[Brief descriptive captions]
# # # # # # #
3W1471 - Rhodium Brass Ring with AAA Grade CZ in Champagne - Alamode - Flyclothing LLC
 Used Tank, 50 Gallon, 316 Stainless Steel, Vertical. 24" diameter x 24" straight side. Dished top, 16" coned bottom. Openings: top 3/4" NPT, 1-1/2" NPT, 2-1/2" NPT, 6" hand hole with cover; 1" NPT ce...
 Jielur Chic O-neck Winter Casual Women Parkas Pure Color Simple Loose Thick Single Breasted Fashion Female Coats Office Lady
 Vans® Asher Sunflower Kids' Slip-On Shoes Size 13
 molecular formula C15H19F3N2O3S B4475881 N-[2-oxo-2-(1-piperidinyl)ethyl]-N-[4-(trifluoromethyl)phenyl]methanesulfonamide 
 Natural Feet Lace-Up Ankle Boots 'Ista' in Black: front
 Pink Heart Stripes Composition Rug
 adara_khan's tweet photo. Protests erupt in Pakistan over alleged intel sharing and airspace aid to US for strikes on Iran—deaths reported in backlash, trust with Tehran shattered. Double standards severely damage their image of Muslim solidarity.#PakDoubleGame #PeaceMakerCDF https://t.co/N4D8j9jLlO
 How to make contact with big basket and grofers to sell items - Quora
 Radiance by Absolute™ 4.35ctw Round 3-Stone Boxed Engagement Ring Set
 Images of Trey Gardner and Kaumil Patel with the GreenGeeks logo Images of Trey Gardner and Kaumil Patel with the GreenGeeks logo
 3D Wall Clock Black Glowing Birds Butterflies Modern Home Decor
# # # # # # #
- Exercise instructions -
Return each line from the records that includes the word "Black".

- Answer box -
 Natural Feet Lace-Up Ankle Boots 'Ista' in Black: front
 3D Wall Clock Black Glowing Birds Butterflies Modern Home Decor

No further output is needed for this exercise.